第十四話 決戦へのカウントダウン①
黒騎士襲来、そして魔王来訪から二日後の昼。
マルフ砦の大会議室では、主立った面々が集まり、来たる魔王城攻略に向けての作戦会議を執り行っていた。
本来であればすぐにでも始めるべきだったのかも知れないが、黒騎士による被害は予想よりも大きく、その対応に追われていたのと、指揮官であるグローリエがやはり体調不良で欠席していたのが理由としては大きい。
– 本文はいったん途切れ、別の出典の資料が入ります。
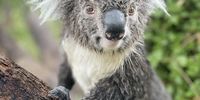 After rain. (Female) koala in Adelaide, Australia.  Photographer: Anne Chappel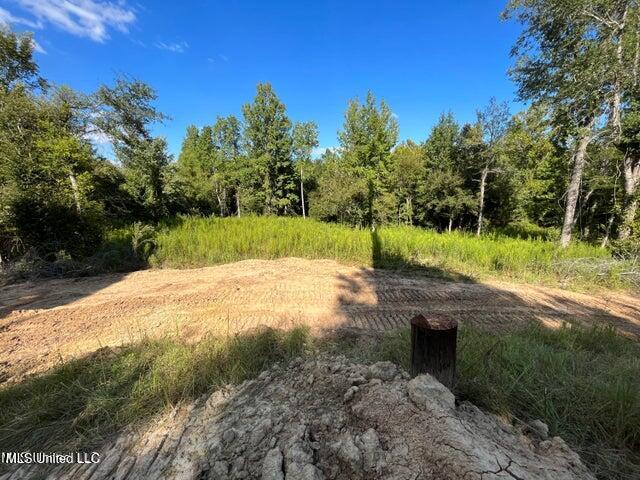 0 Judkins Road Property Photo 13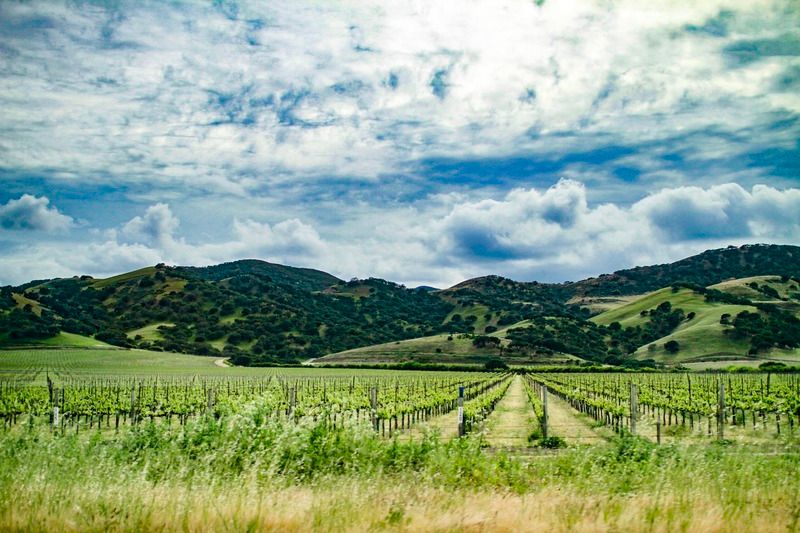 IMAGE: http://i15.photobucket.com/albums/a388/DAMHO/76E488B8-0586-49B6-B5EF-13B29A3A0EEA.jpg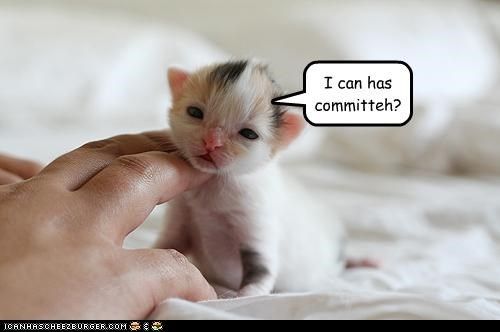 i-can-has-committeh_zpse6870e25.jpg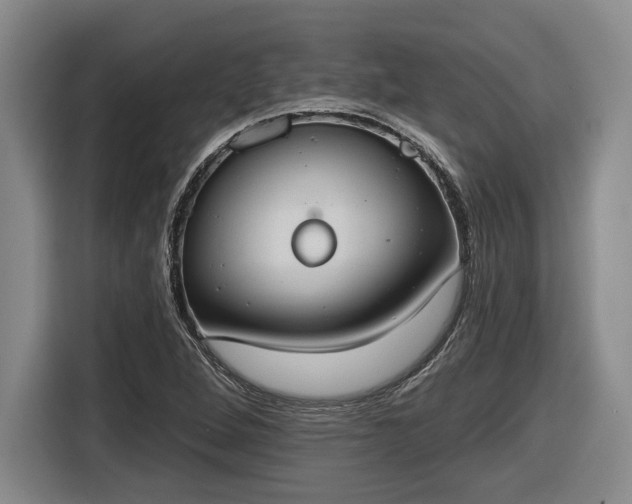 X0000116511264200912161331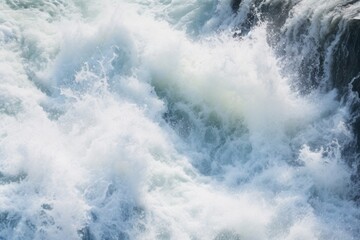 Powerful currents create turbulent white water.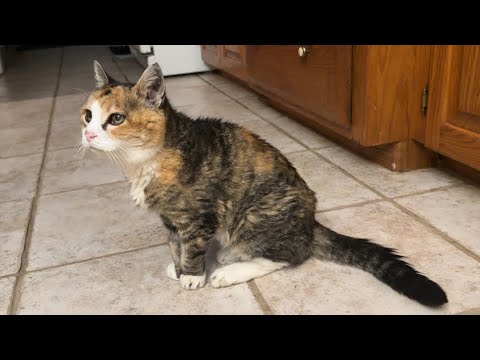 Видео: Пропали кошки? 😲 Где же котята? Утренняя рутина Furbaby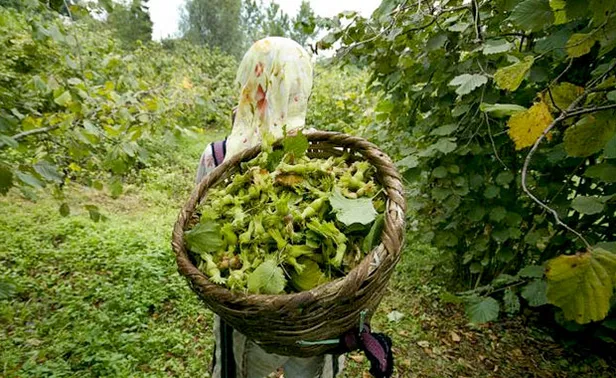 findik-fiyatlari-ne-kadar-31-mart-carsamba-findik-fiyati-ordu-giresun-il-il-guncel-liste-nisanda-4-dolardan-alici-bulacak-1617171498143.jpg Fındık fiyatları ne kadar? 31 Mart Çarşamba fındık fiyatı Ordu, Giresun il il güncel liste! "Nisan'da 4 dolardan alıcı bulacak"-2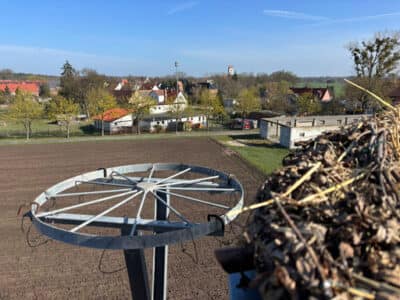 WhatsApp Image 2026-04-03 at 11.30.27(4)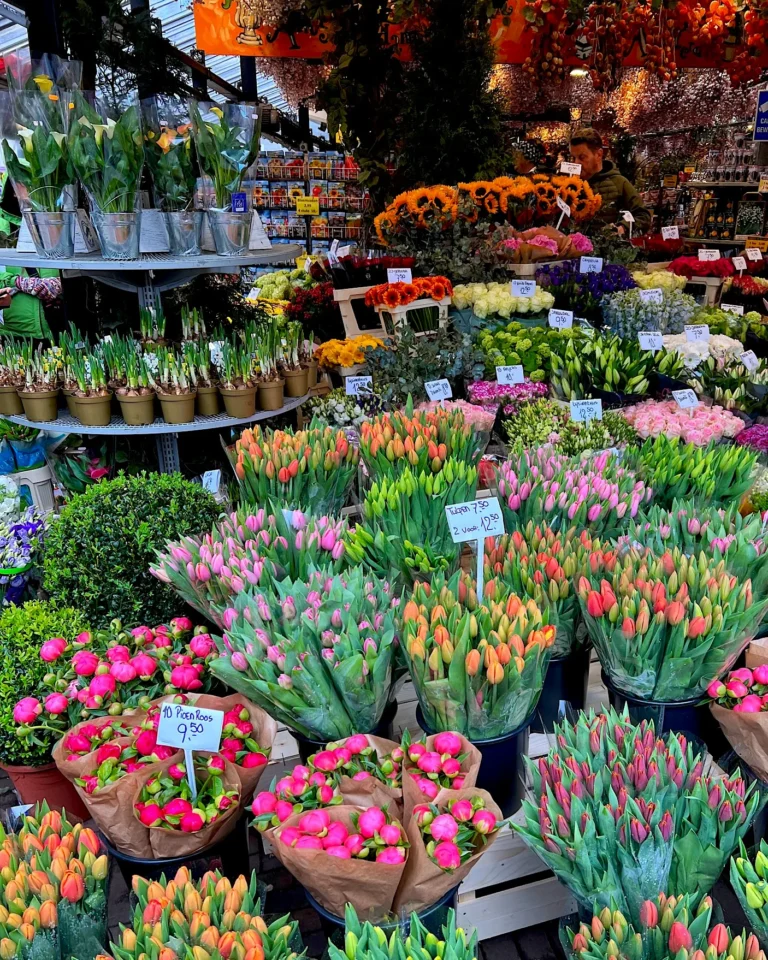 Viele bunte Tulpensträuße auf dem Blumenmarkt in Amsterdam.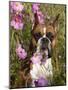 Boxer in Cosmos-Lynn M^ Stone-Mounted Photographic Print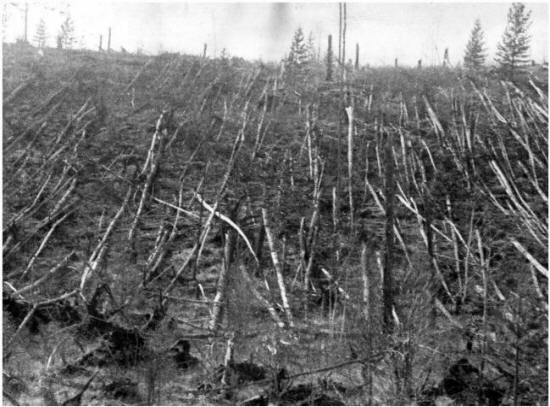 Versioni: The Tunguska Explosion - The Harbinger of a Global Disaster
今も外では、兵士たちが忙しなく復旧に向けて働いている。
「それじゃあ、作戦会議を始めようか」
長机に腰掛ける皆を前に、壁に貼った周辺地図を見ながらショウマは話し始めた。
「とりあえず、魔王城への道はこの地図どおりで間違いないよな。徒歩で一日半くらいって聞いたが」
「それは行軍するのであればかかる時間ですわね。小隊規模で動くのであれば、一日かからず魔王城には到着しますわ。勇者様が全力で駆ければ、半日もかからないのではないのかしら?」
「……グローリエ」
「なんですの?」
「体調がまだ全快じゃないのは知ってるけど、作戦会議にその体勢はどうなんだ?」
グローリエはフリージアの太ももを枕にして、椅子の上に寝転がっていた。
「さすがにお姉様に膝枕されたままというのはよろしくありませんか」
「私は気にしませんけど」
「いや、フリージアがよくてもダメだ。俺がうらやましすぎて集中できない」
「では」
グローリエはフリージアの太ももから頭をどけると、そのまま反対側にあった太ももへと流れるようにダイブした。
「さあ、では作戦会議を続けてくださいまし」
「うん、もういいや」
カナリアに膝枕された状態で先を促すグローリエ。一度生死の境をさまよったからか、甘えん坊属性が活性化されてしまっているらしい。前は人前ではカナリアに対して、あくまでもフリージアの従者への態度を貫き通していたのだが、今や見る影もなかった。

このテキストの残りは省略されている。